Input records ->
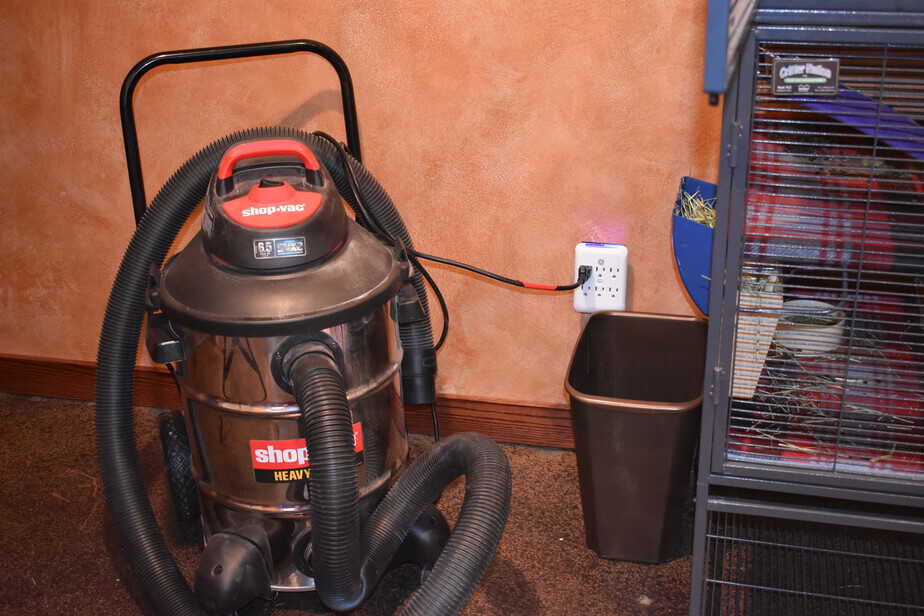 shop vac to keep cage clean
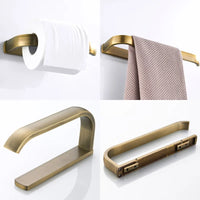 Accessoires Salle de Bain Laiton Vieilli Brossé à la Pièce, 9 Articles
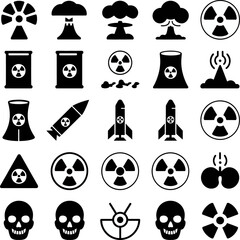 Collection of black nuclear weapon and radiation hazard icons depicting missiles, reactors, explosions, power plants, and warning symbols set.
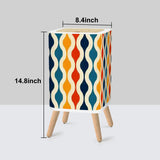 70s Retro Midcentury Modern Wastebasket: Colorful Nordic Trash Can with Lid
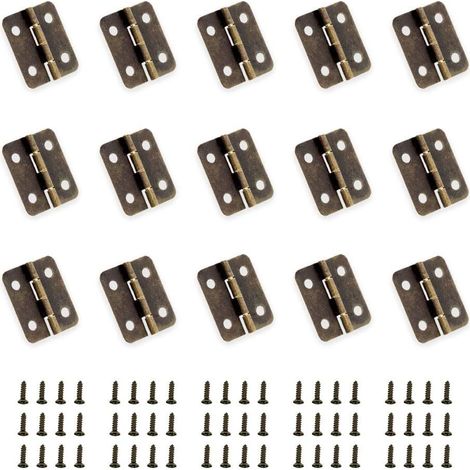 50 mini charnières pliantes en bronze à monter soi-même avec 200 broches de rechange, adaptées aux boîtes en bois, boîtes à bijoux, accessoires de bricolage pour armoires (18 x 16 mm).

...

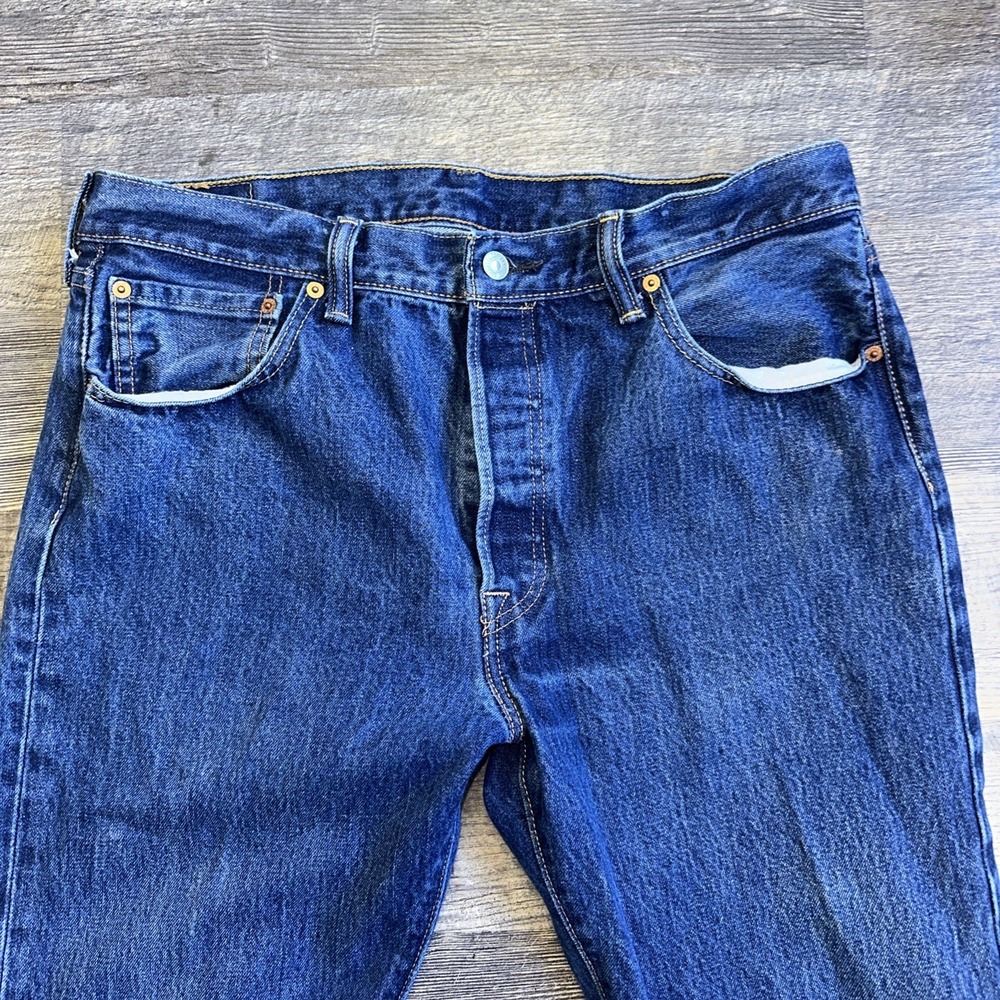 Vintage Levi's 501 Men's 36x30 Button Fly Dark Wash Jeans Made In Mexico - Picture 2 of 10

* * *

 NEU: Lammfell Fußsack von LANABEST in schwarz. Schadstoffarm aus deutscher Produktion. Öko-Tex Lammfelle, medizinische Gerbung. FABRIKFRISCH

Work order ->
Both the line containing "Collection of black" and the line containing "50 mini charnières" above belong in the output, as do the lines between them. Print them exactly, without pictures.

Completed exercise ->
 Collection of black nuclear weapon and radiation hazard icons depicting missiles, reactors, explosions, power plants, and warning symbols set.
 70s Retro Midcentury Modern Wastebasket: Colorful Nordic Trash Can with Lid
 50 mini charnières pliantes en bronze à monter soi-même avec 200 broches de rechange, adaptées aux boîtes en bois, boîtes à bijoux, accessoires de bricolage pour armoires (18 x 16 mm).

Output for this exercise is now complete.